Exercise objective: Please set down, unchanged, each line from the one with "Leinwandbild David Cox" to the final line of the data below, both included. Drop the pictures.
○ ○ ○ ○
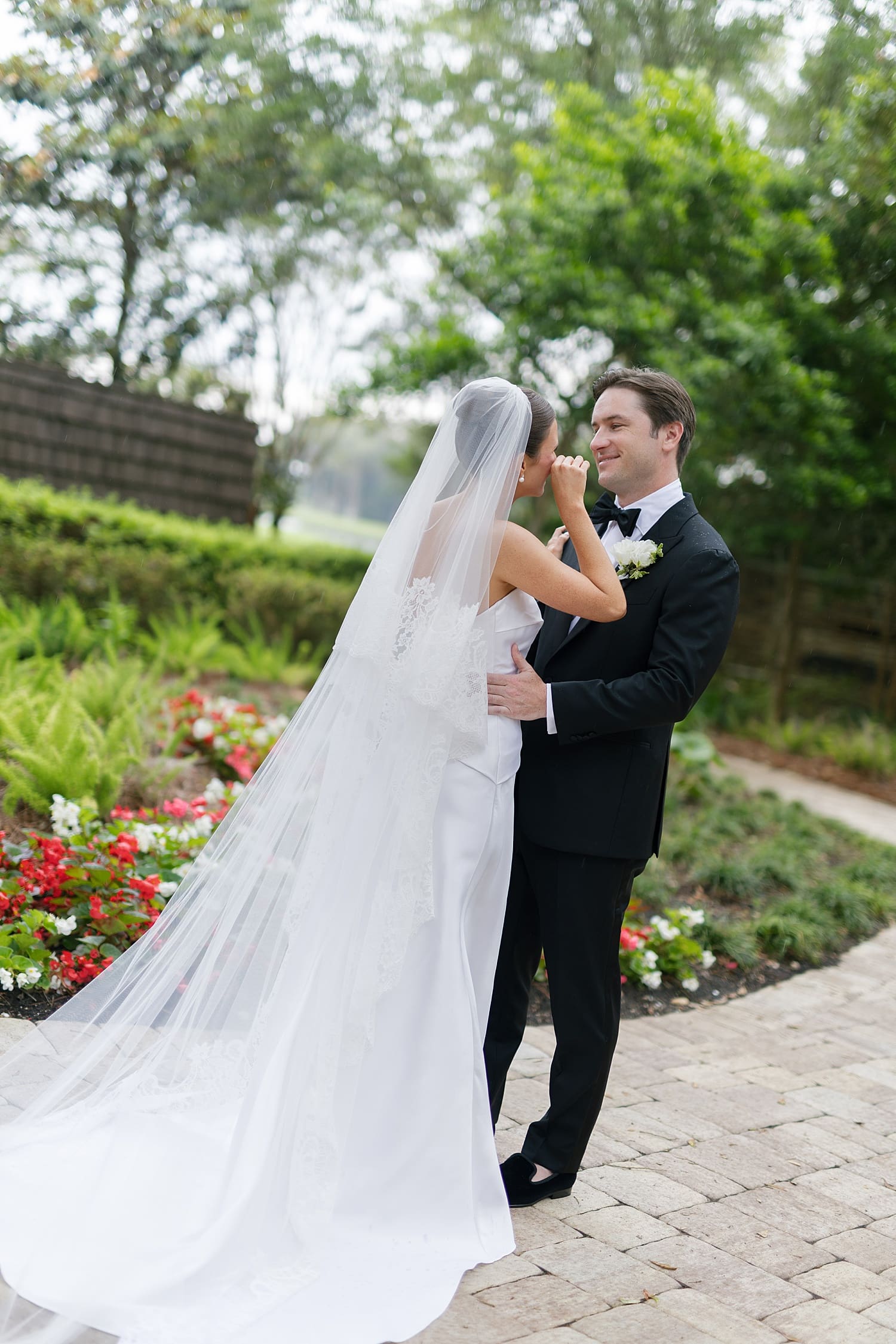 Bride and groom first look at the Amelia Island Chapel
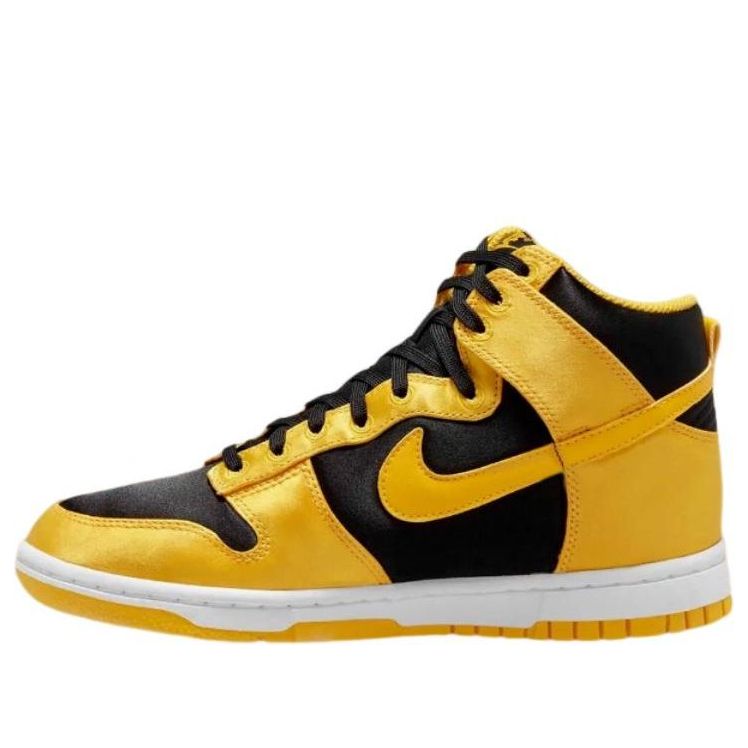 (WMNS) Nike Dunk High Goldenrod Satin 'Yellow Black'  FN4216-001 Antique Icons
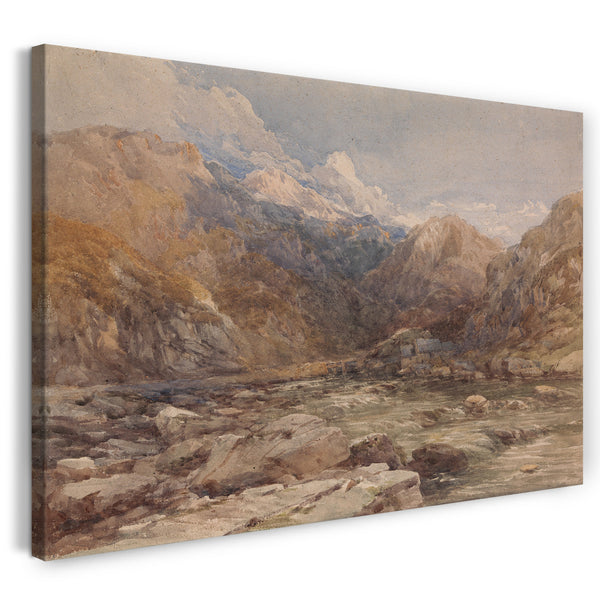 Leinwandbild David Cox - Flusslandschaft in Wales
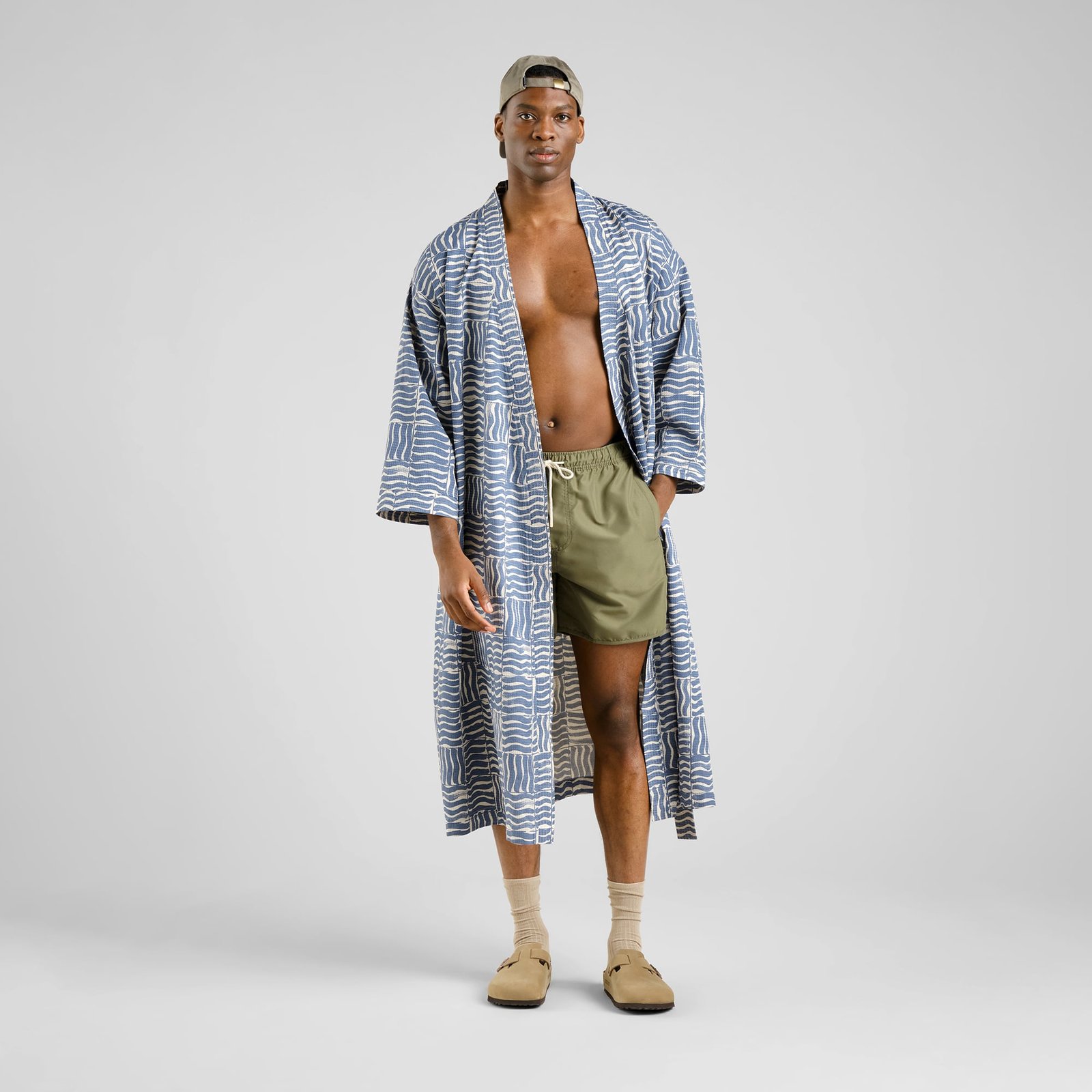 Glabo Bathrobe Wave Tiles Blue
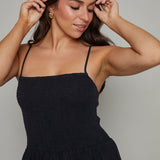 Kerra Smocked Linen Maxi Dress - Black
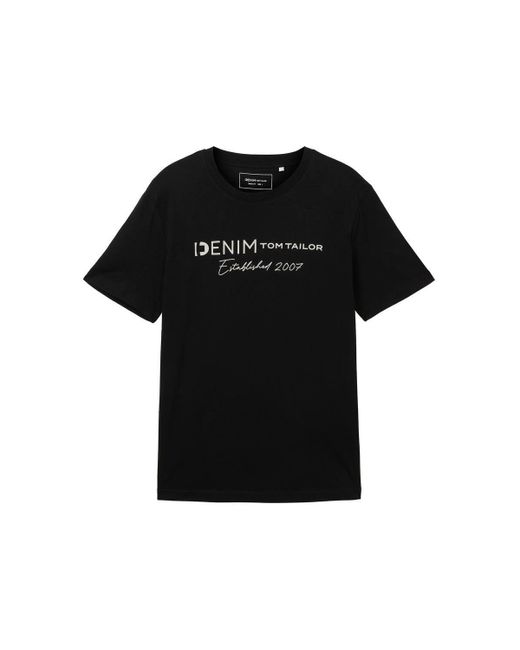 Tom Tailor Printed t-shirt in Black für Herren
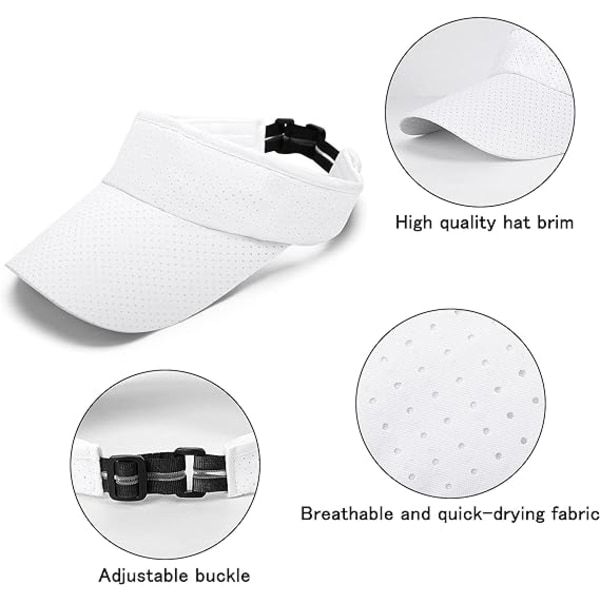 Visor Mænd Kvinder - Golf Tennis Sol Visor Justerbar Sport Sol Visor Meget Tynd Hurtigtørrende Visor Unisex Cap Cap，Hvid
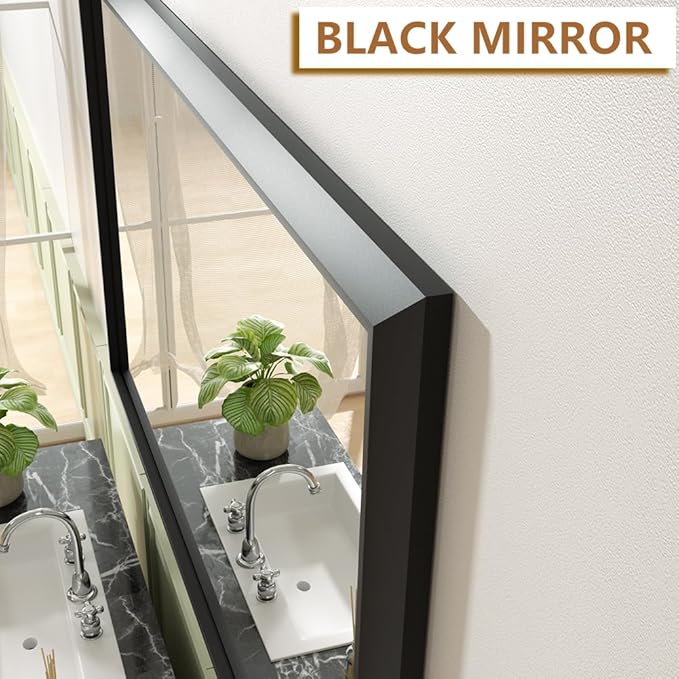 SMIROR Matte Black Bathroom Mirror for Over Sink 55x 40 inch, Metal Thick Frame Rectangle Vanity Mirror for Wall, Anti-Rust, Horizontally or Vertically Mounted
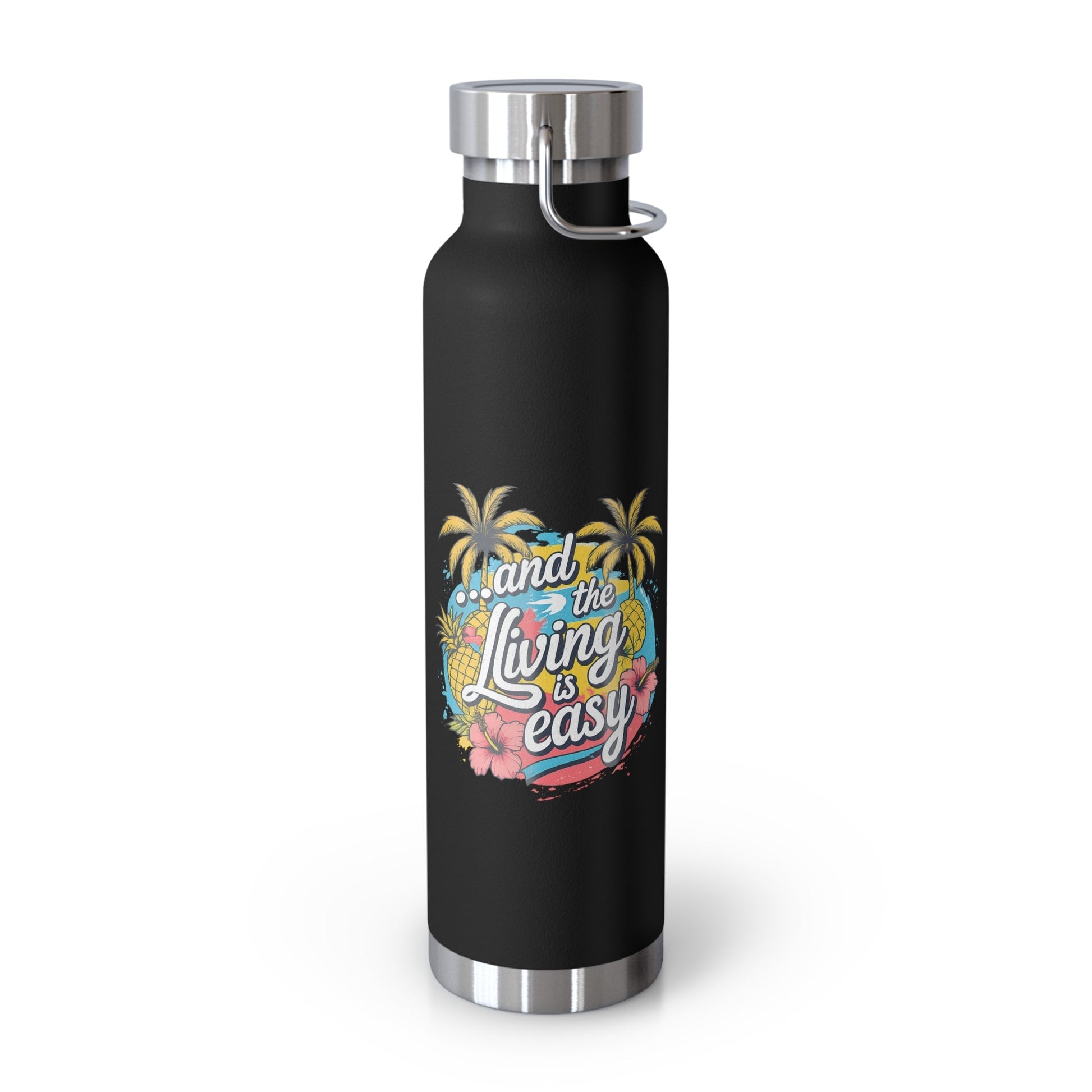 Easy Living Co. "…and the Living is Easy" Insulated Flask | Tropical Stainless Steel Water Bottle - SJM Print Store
○ ○ ○ ○
Written answer:
 Leinwandbild David Cox - Flusslandschaft in Wales
 Glabo Bathrobe Wave Tiles Blue
 Kerra Smocked Linen Maxi Dress - Black
 Tom Tailor Printed t-shirt in Black für Herren
 Visor Mænd Kvinder - Golf Tennis Sol Visor Justerbar Sport Sol Visor Meget Tynd Hurtigtørrende Visor Unisex Cap Cap，Hvid
 SMIROR Matte Black Bathroom Mirror for Over Sink 55x 40 inch, Metal Thick Frame Rectangle Vanity Mirror for Wall, Anti-Rust, Horizontally or Vertically Mounted
 Easy Living Co. "…and the Living is Easy" Insulated Flask | Tropical Stainless Steel Water Bottle - SJM Print Store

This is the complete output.